To embrace common Sense is to acknowledge our limitations and be rational in our decision-making. For a layman new to investing, the best, risk-free, and easiest method to accumulate wealth over the long term is through systematically investing in Index Funds. I was introduced to John C. Bogle when I read Tony Robins' Money Master the Game in 2016. John C. Bogle had done his Ph.D. in Mutual Funds from Princeton University and founded the first-ever Index Fund Vanguard 500 in 1976.
To simplify indexing for beginners, let us assume that we do not have the appetite for risk, prowess, and time to choose the best stock from the market that would make us a millionaire in the future. Instead, if we choose to own the entire market by collectively investing in all the listed companies, we would be able to make a similar profit in line with the upward movement of the chosen Index. The tenet of Index investing is that even if we cannot beat the market, we still do not lose our invested money (risk-free).
Back-of-the-envelope calculations suggest that investing a sum of Rs. 5000 a month, with an annual step-up of 10%, would accomplish the below-said figure within thirty years. Assuming that the annualized return would be a minimum (conservative) 9%, the invested sum of Rs. 40,00,000 would lead to a total value of Rs. 1,43,00,000 in thirty years. Thanks to the beauty and magic of compounding. But John C. Bogle also makes a significant point in this book on the tyranny of costs by stating, “Where returns are concerned, time is your friend.
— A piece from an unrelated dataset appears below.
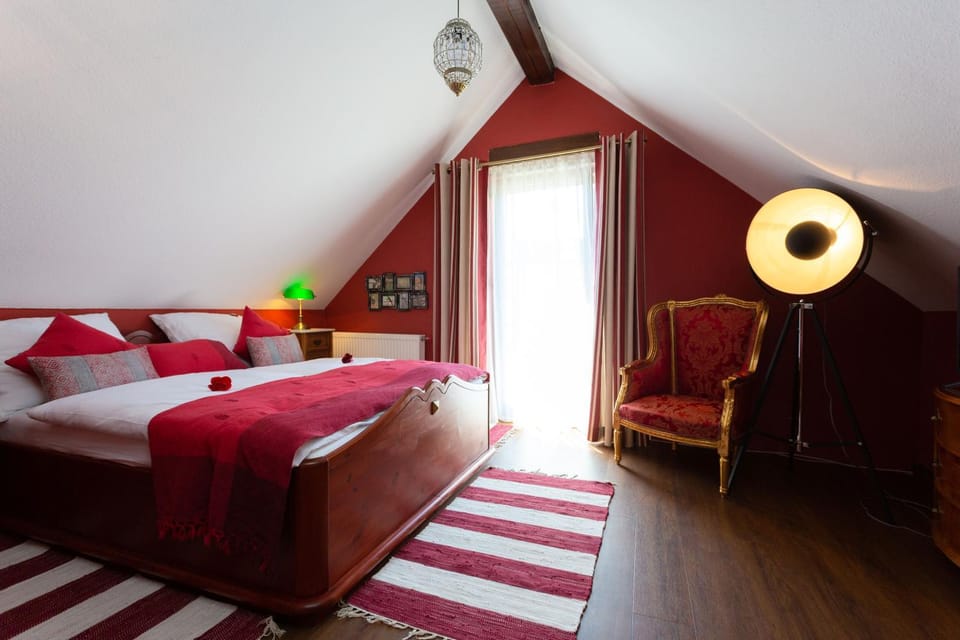 Bed, Photo of the whole room, Bedroom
But where costs are concerned, time is your enemy.” In the context of mutual funds, it is also important to note the Expense Ratio (ER) which includes the cost attributed to managing and operating the active fund. Though Index Funds, typically carry low costs, the key is to choose a fund with the lowest ER.
Other key takeaways from the book:
1. Occam’s Razor: When there are multiple solutions to a problem, choose the simplest one.
2. Don’t look for the needle. Buy the haystack.
3. Buying funds based purely on past performance is one of the stupidest things an investor can do. Past performance does not reflect future progress.
4. Real Returns = Nominal Returns - Inflation Rate - Management Fees. Hence, Cost matters. A lot.
5. Expense Ratios are strong predictors of performance. Funds with high ER tend to carry high risk and lower returns.
If we imbibe a sense of patience and discipline by starting early, consistent investment throughout the runway would lead to desired results within twenty years without having to go through sleepless nights thinking about the market volatility. Warren Buffet once said, “It is not necessary to do extraordinary things to get extraordinary results." Starting early, and mimicking the market by investing in Index Funds is the best way to ensure that we live a comfortable post-retirement life.